- **Instructions to follow**
Beginning with the line that contains "BMW i7 2024", reproduce the remaining lines of the material exactly, up to and including the last one, but no pictures.

- **Exercise data**
══════════

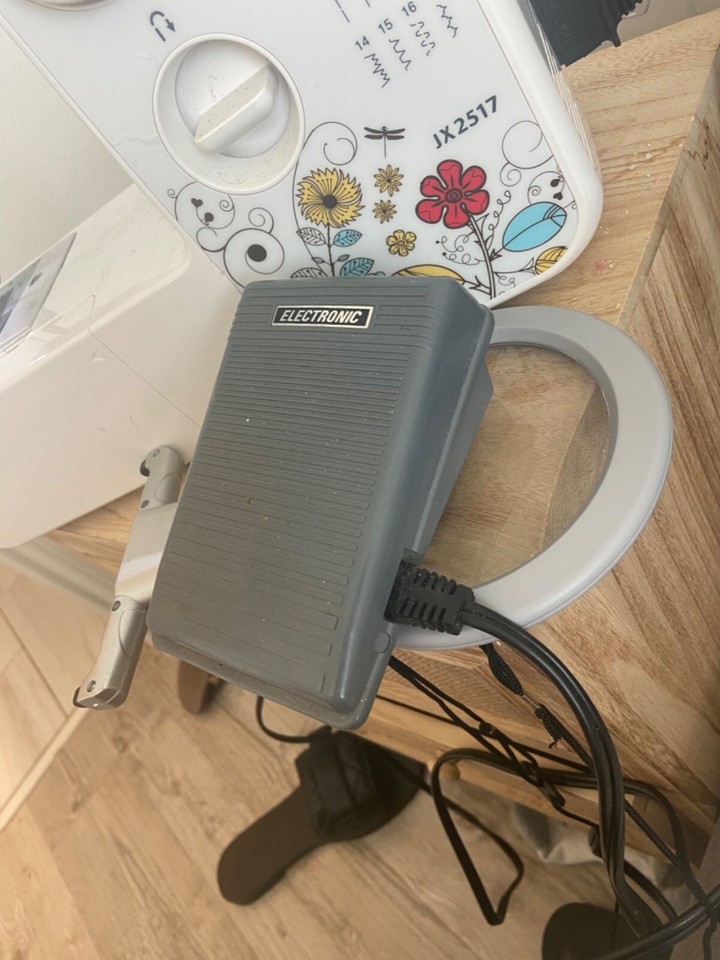 Brother Jx2517 17 Stitch Sewing Machine 765552849599 eBay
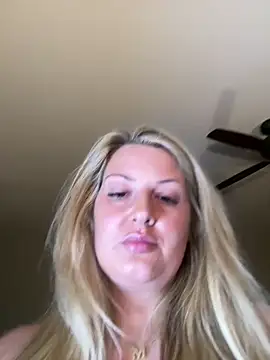 Snapshot of docmilf12 chatting on February 25, 2:43 am docmilf12 online show from February 25, 2:43 am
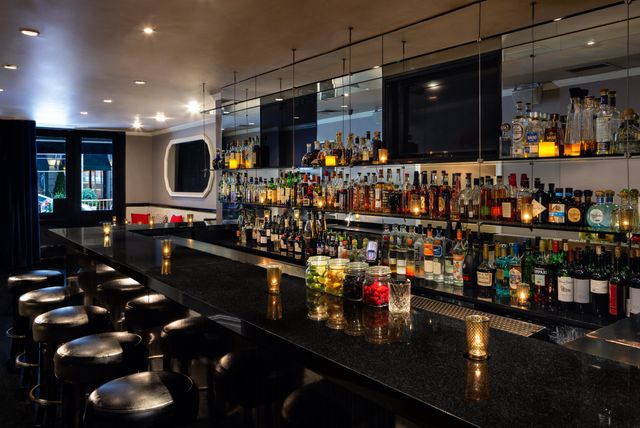 Featured photo from BAR & LOUNGE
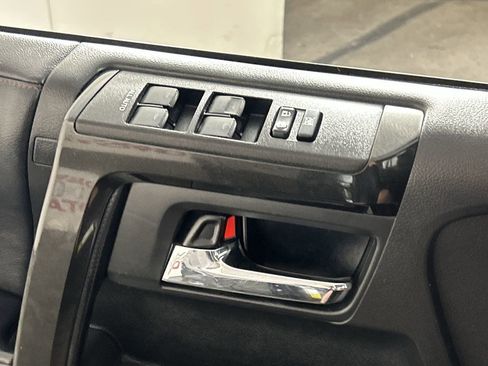 Used 2021 Toyota 4Runner TRD Off-Road AWD/4WD image 18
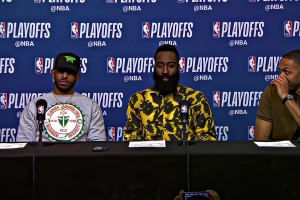 关系还是很好的！当年哈登对保罗竖中指这一幕我还记得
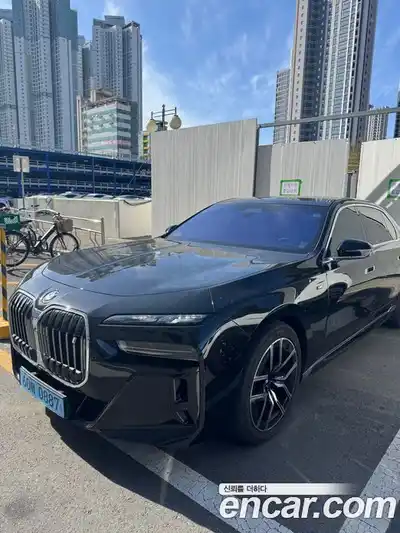 BMW i7 2024 0.3 Автомат в Москве № 210706, миниатюра 2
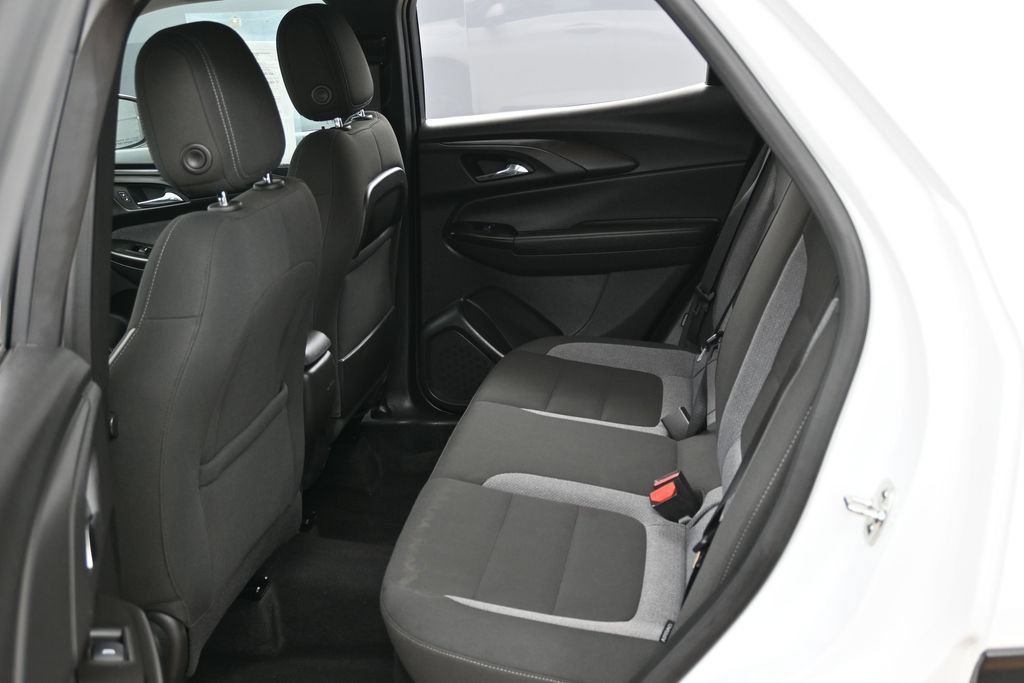 Used 2025 Chevrolet TrailBlazer LT AWD/4WD image 35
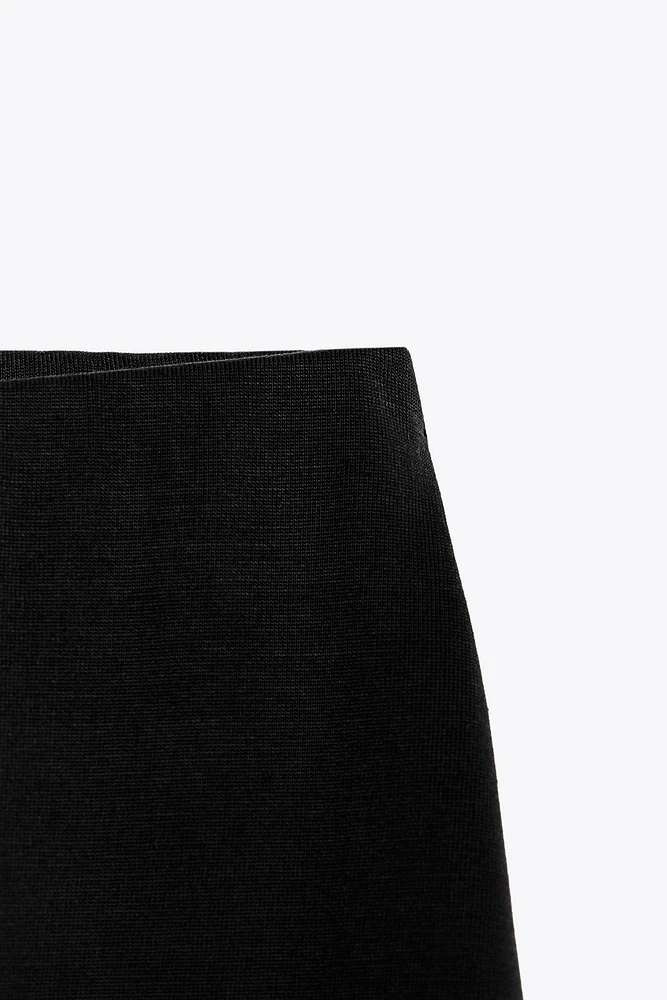 FLOWY MIDI SKIRT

══════════

- **Solution for this exercise**
 BMW i7 2024 0.3 Автомат в Москве № 210706, миниатюра 2
 Used 2025 Chevrolet TrailBlazer LT AWD/4WD image 35
 FLOWY MIDI SKIRT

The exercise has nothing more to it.